Why the CIA is having such a hard time keeping its best
Few experts believe that using contractors is the way to achieve the 50 percent increase in clandestine personnel. But a big factor limiting the expansion is a bottleneck in the security-clearance process that all new D.O. recruits must undergo. The CIA's Office of Security has been overwhelmed by the numbers, and much of the vetting is now being outsourced. The push to find second-generation Americans with the desired language skills and cultural backgrounds, or at least Americans with international experience or ties, further complicates the vetting process since overseas background checks typically take far longer than domestic ones. "This issue has been of intense interest to us," says House Intelligence panel member Rep. Mac Thornberry, a Texas Republican. "It is a very high priority for us not to have a six-month or longer backlog in security clearances."

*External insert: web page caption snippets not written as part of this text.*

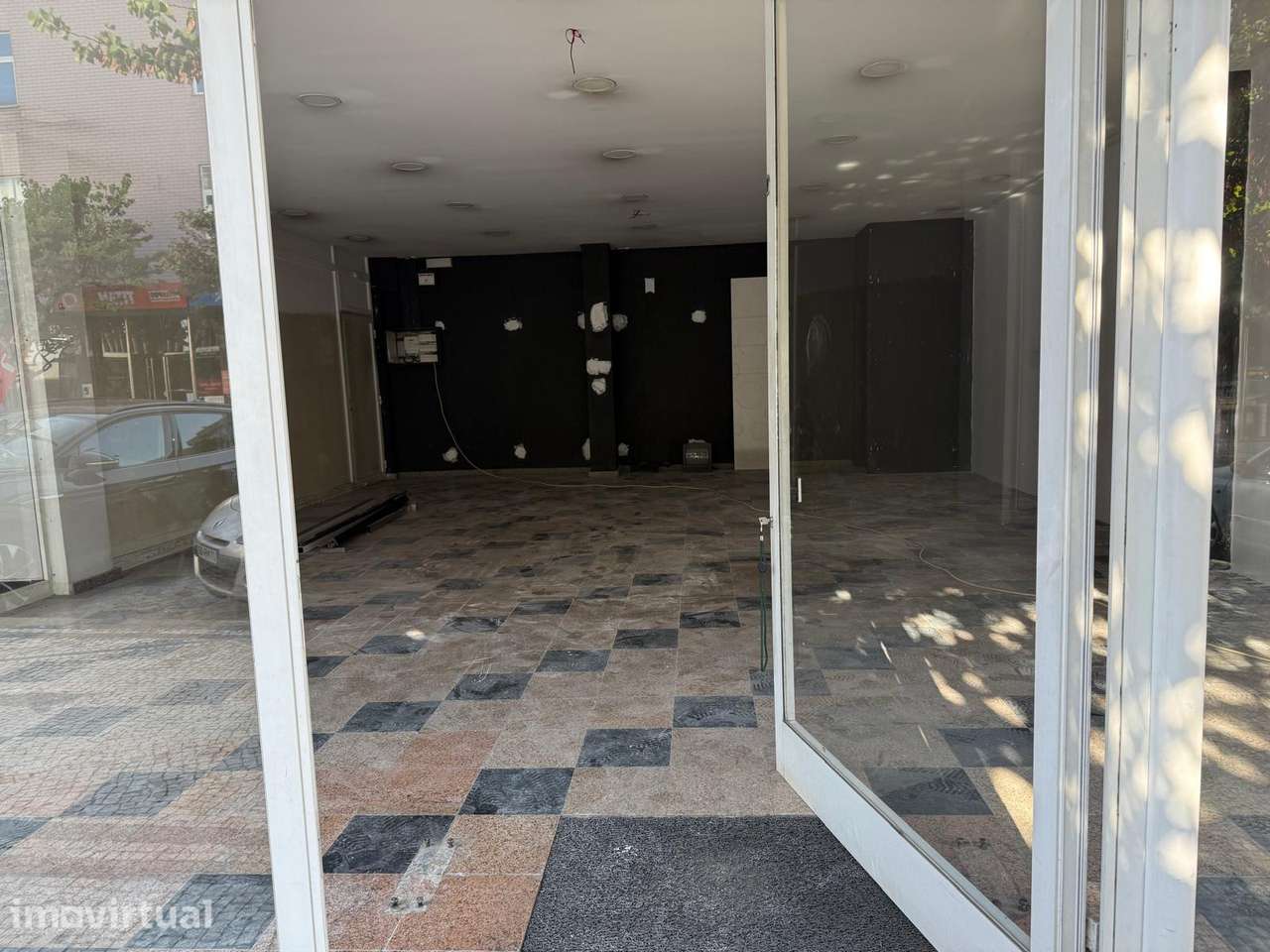 Loja com 72m2 no cruzamento principal da cidade, ao lado do Tribunal - Grande imagem: 2/4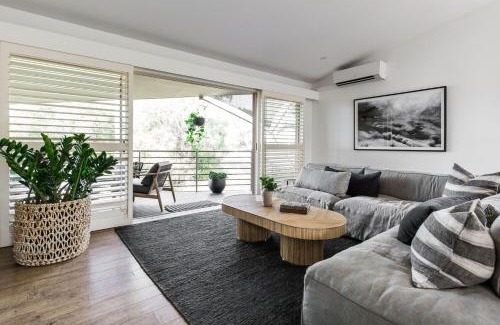Noosaville Apartment | The Beach Retreat offers Pool and River Views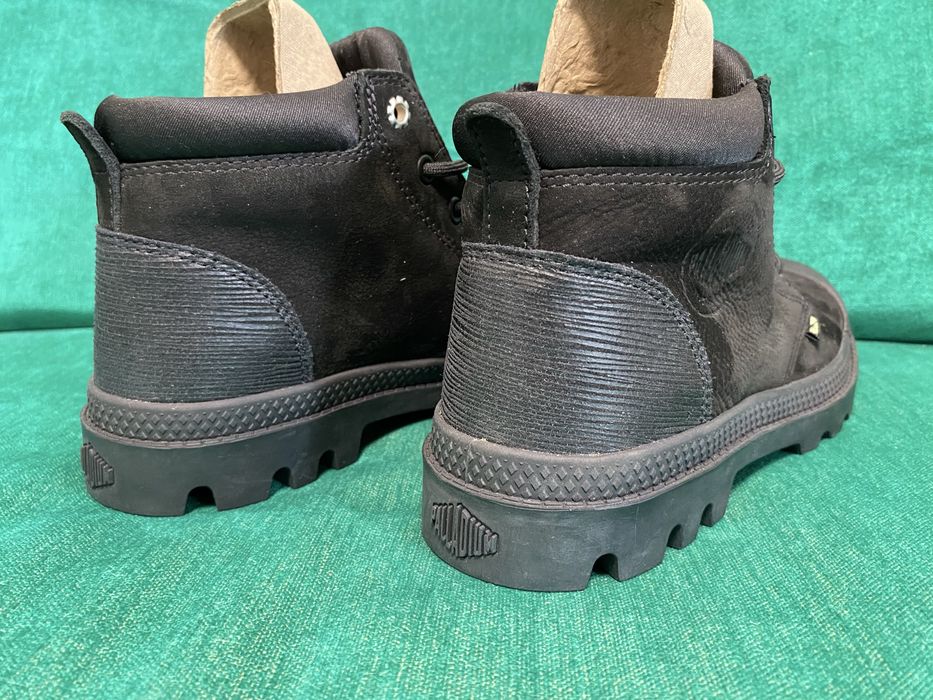 Ghete Palladium Pampa Outdoor marimea 38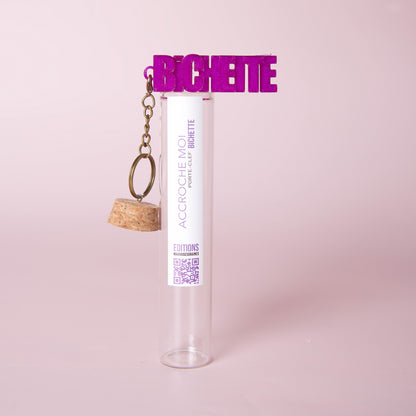 Porte-clés original en tube à essai avec message « Bichette », création Mauvaises Graines. Idée cadeau fun, fabriquée en France, à offrir pour toutes les occasions.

Even if the vetting issues can be resolved more rapidly, the D.O. will still be fielding a cadre of case officers greener than perhaps at any time in the CIA's nearly 60-year history. More than a third of the current estimated 1,200 case officers have been on the job less than five years, but this problem predates Director Goss. Since there was very little hiring during the 1990s, the managerial corps that should be taking over now was never brought on board, and the agency is now reaping the consequences. It takes five years to grow and season an effective case officer, according to testimony by former director George Tenet. The process includes a rigorous training program at Camp Peary, as "the farm" is officially known, language school, and a shakedown tour overseas. In the late 1990s, a 105-room dorm was added to Camp Peary, and class sizes were doubled and opened to non-CIA operatives. So now there are many new case officers, but they're finding fewer veterans with deep experience to guide them. "They spend two years training," says Baer, the former case officer, "and now they are sitting in D.C. working for someone who's never been overseas."

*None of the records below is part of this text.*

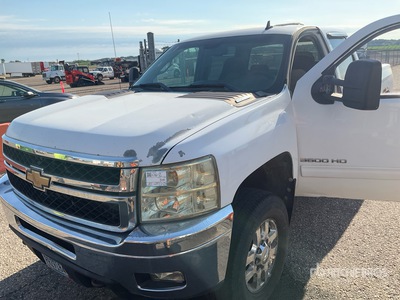 2011 Chevrolet Silverado 3500HD 4x4 Crew Cab Pickup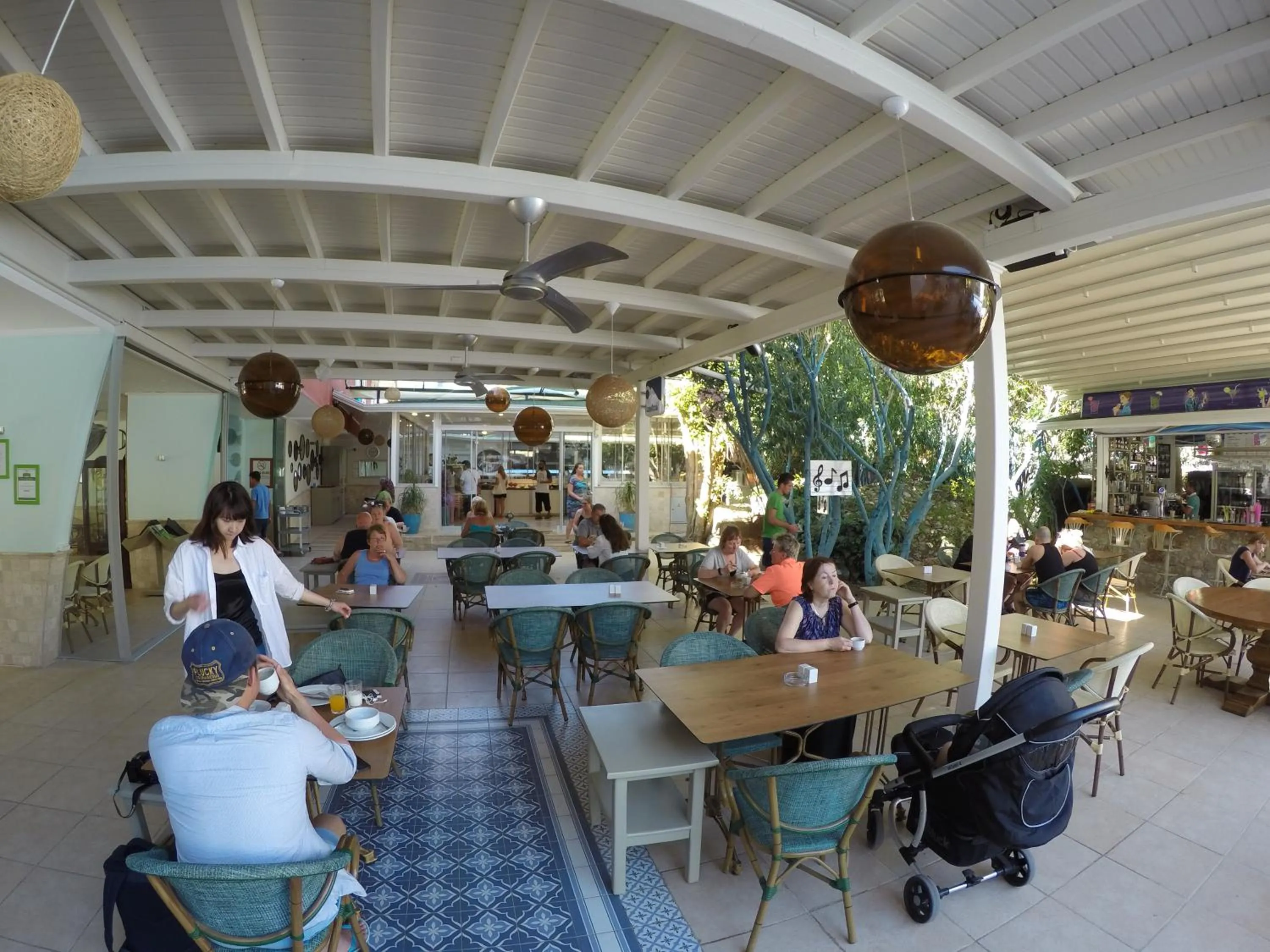 Restaurant/places to eat in Tonoz Beach Hotel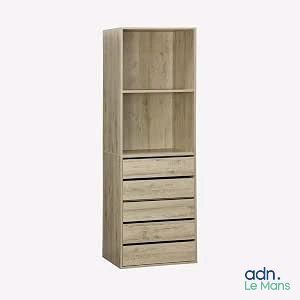 une image représentant une grande armoire en bois à tiroirs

Fresh blood. On top of all the many difficult issues the clandestine leadership faces is that of Iraq. The precise number of case officers assigned there could not be determined, but several estimates placed the number of all CIA employees at about 500. That includes support staff, but most of the experts consulted for this account say that anything like several hundred case officers there is far too high. Baer, who spent most of his career in the Middle East, estimates that 100 or fewer is probably appropriate, especially given the way they are being used and the fact that so few of them speak Arabic fluently. A senior intelligence official says, "We are not just strategic collectors." But he acknowledges that "we should continually watch that we don't just have bodies over there."

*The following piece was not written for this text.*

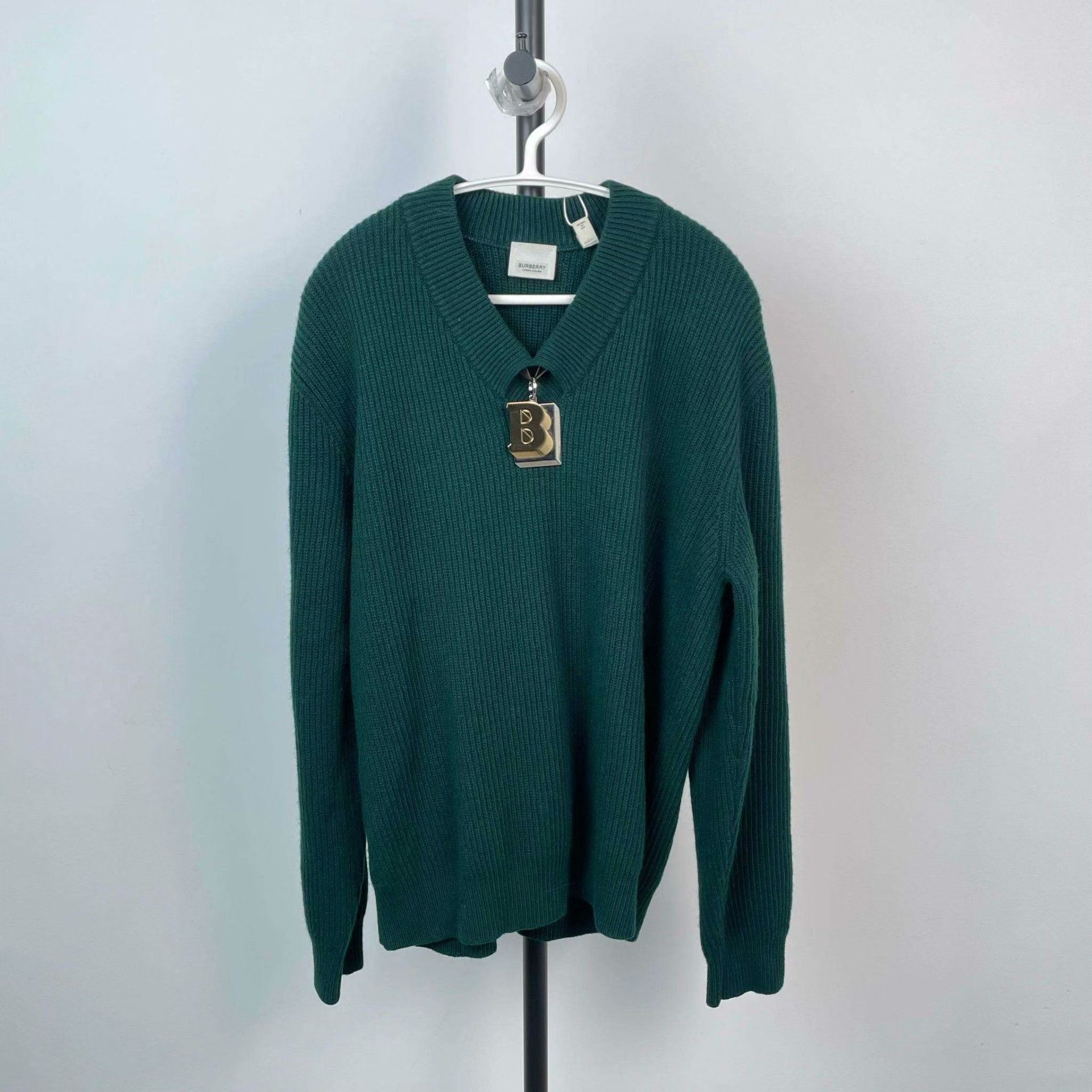 Burberry Burberry Green Sweater XS Women Size XS / US 0-2 / IT 36-38 - 1 Thumbnail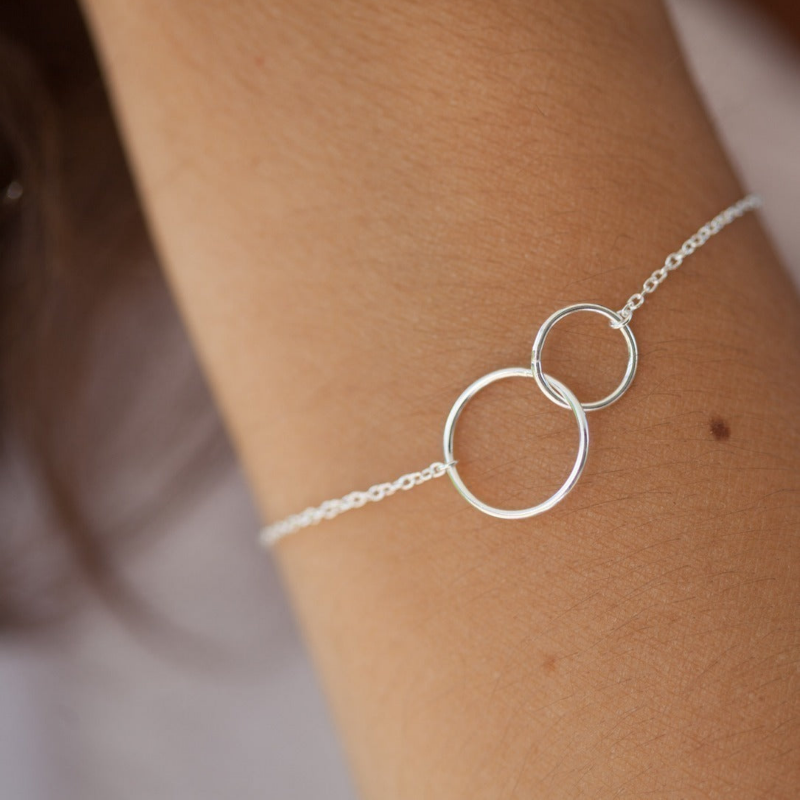 Bracelet with Intertwined Rings - Overlapping Design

Whatever the right number in Iraq is, the D.O.'s massive investment there is leaving it uncovered, or barely covered, in other key places, intelligence officials say. "Terrorists are just going to move into these and other ungoverned spaces, where we have no case officers," says a veteran case officer. In a speech to agency employees at CIA headquarters last September, Goss said that many of the stations and bases closed in the 1990s had been or would be reopened.